Sono arrivati gli artisti e i “famosi”, a quel punto. Filmati, appelli. Miniclip. Ne trovate parecchie, oggi, sulla home page del sito. Infine i ballottaggi, lunedì, e ora davvero è chiaro per tutti che il voto ai referendum potrebbe essere la spallata fatale. Ne è convinta la Lega, leggete il Congiurato qui accanto. Lo teme Silvio B. che con uno schiocco delle dita, come farebbe col maggiordomo, sposta il ministro della Giustizia da via Arenula all’anticamera di casa sua, al coordinamento del partito. Annuncia la libertà di voto, sul nucleare: cerca di evitare in zona Cesarini che il referendum abbia un valore politico. Sacchi di sabbia attorno al Pdl. Gesti scomposti: abbiamo un premier che anziché rallegrarsi con chi ha vinto le elezioni, un obbligo per un uomo delle istituzioni, invita i cittadini che lo hanno sconfitto a raccomandarsi a Dio e annuncia loro che si pentiranno. Che dice di non aver candidato Carfagna a Napoli per non consegnarla alla camorra: Lettieri, invece, era già della partita?
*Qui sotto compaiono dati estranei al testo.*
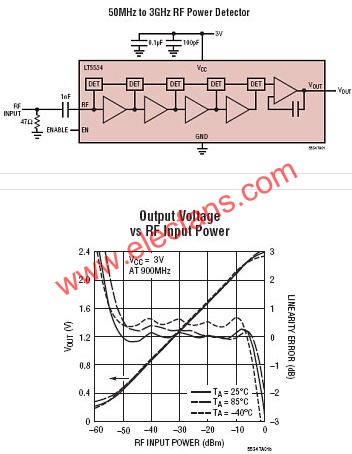 LT5534典型應(yīng)用電路  www.brongaenegriffin.com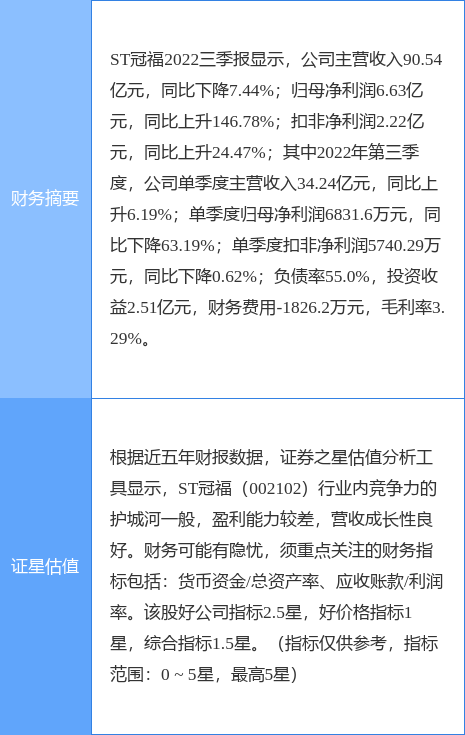 异动快报：ST冠福（002102）4月3日14点35分触及涨停板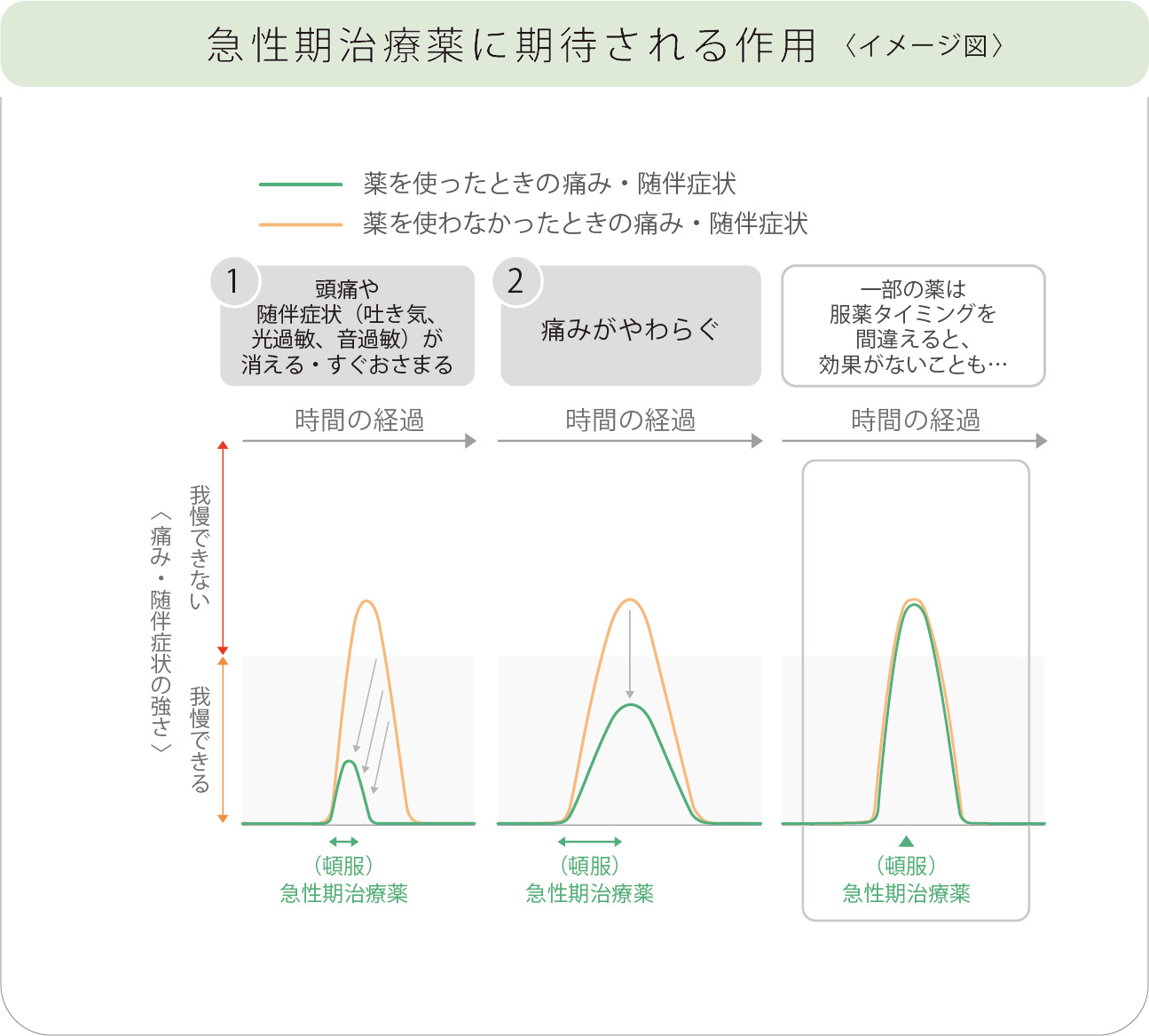 急性期治療薬に期待される作用（イメージ図）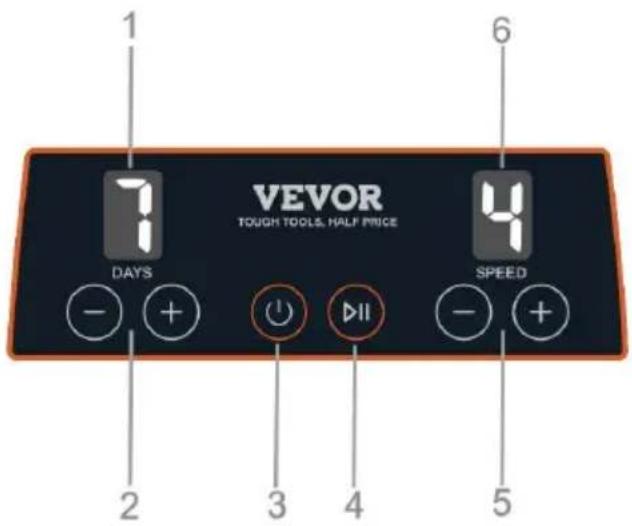 Vevor KD-C1012 - Control Panel Function - 1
Ma - detto che il voto ha sempre un valore politico - non è per nessuna di queste ragioni che andremo a votare. Non c’entra Silvio B., questa volta. Ci andremo perché l’acqua è pubblica, perché sul nucleare non vogliamo che decida la cricca, perché pretendiamo che siano garantiti diritto alla salute e alla giustizia.
Per tutti i cittadini, nella stessa misura. Se poi questi sacrosanti diritti, una volta reclamati, avranno l’effetto di far vacillare questo governo posticcio sarà un benefico effetto collaterale. Secondario, comunque auspicabile ma secondario: qui stiamo parlando d’altro, finalmente. Non delle sorti del sultano, ma di quelle di ciascuno di noi.
La frase "andate al mare", di vecchia memoria, non porta bene.